The reported negotiations came as the US had been going to great lengths to cut Huawei out of 5G projects that are supposed to lay the groundwork for cutting-edge services ranging from telemedicine all the way to labour automation in factories.
But Samsung is still facing an uphill struggle for the opportunity to replace the Chinese giant, as operators are reportedly expressing concerns that the South Korean company's products will be incompatible with the existing 4G networks, almost half of which are built by Huawei, and it will become too pricey to fully replace them rather than just upgrade them.
For instance, when Bell Canada moved to drop Huawei this year, analysts estimated the cost of replacing its 4G equipment at about $200 million over several years. The GSMA expects $1.14 trillion to be invested globally over five years, 78% of it on 5G.
Dwelling on Samsung’s chances of replacing Huawei, Telefonica's Chief Technology Officer Enrique Blanco commented:
“They need to be extremely competitive.

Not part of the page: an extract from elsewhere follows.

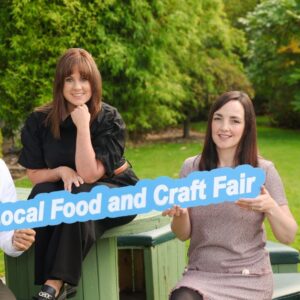 Local Food & Craft Fair at the Black Box Theatre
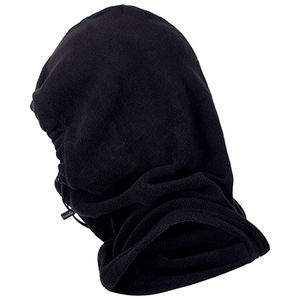 Cache-cou Balaclava personnalisé avec logo brodé pour le ski et la neige hivernale - Product Image 2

The cost of swapping the 4G is an extra cost for Samsung so, even if you are inviting them, it is difficult for them to be competitive”.

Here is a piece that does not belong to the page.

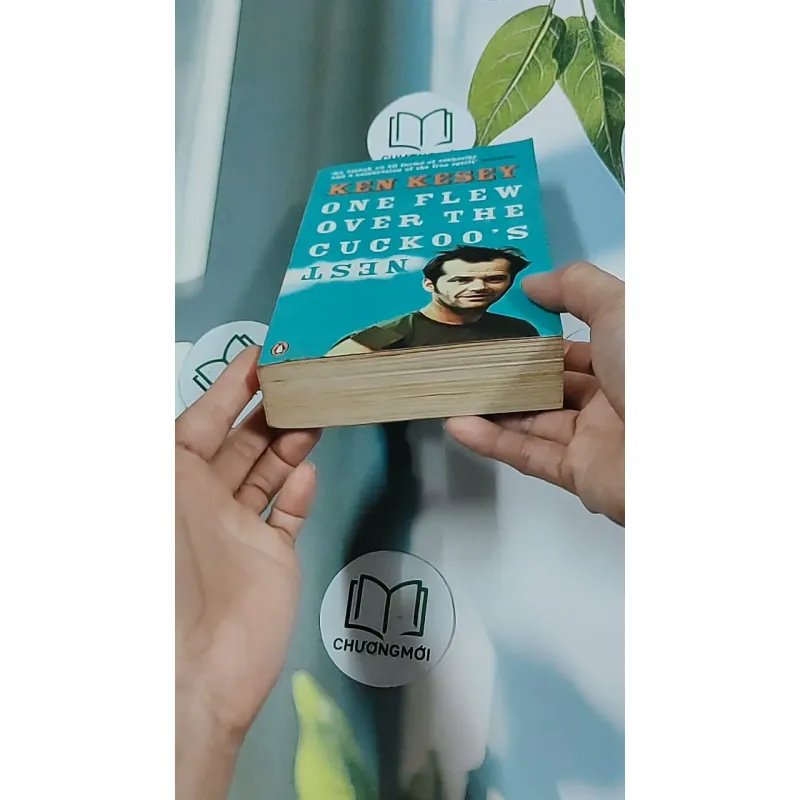[MIỄN PHÍ BỌC SÁCH] One Flew Over the Cuckoo's Nest - Ken Kesey 634493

A Samsung spokesman hit back by saying the very idea that its equipment was not compatible with existing infrastructure was a real misconception, but stopped short of providing technical details. He declined to specify which European markets it was trying to enter, but said it hoped to repeat the progress it had already made in Asia and the Americas.

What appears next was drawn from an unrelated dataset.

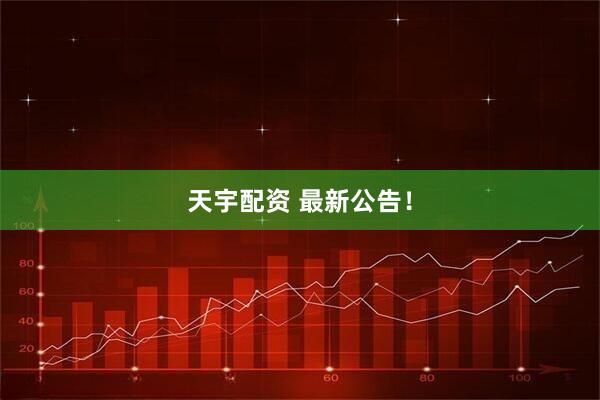 天宇配资 最新公告！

In particular, Verizon widely uses Samsung for various parts of its vast US network. “We had done some trials with them and given them a few markets to see how they would work and, and then it worked well”, Verizon’s Chief Product Development Officer Nicola Palmer told Reuters, as Orange Chief Technology and Innovation Officer Michael Trabbia said he, too, was considering Samsung in Europe. Yet, he said that in France Orange had conducted tests and went for Nokia and Ericsson for local 5G projects instead.
Washington has over the past two years initiated a severe crackdown on Huawei, the top expected provider of good value-for-money 5G technology, citing national security concerns and claiming their infrastructure leaves backdoors for Beijing to spy on users of their gadgets. The claims have repeatedly been denied both by the Chinese authorities and Huawei’s top management, who invited independent checks, arguing that their ecosystem and all of their technologies are transparent.
However, Washington moved to blacklist the company and required US firms dealing with Huawei to request individual permissions to continue their business ties with the Chinese tech giant. The Commerce Department is since understood to have repeatedly issued waivers to this end, with reports emerging earlier this year that the department had been seeking to expand legal powers to curb tech shipments to China, but faced resistance from other parts of the US government.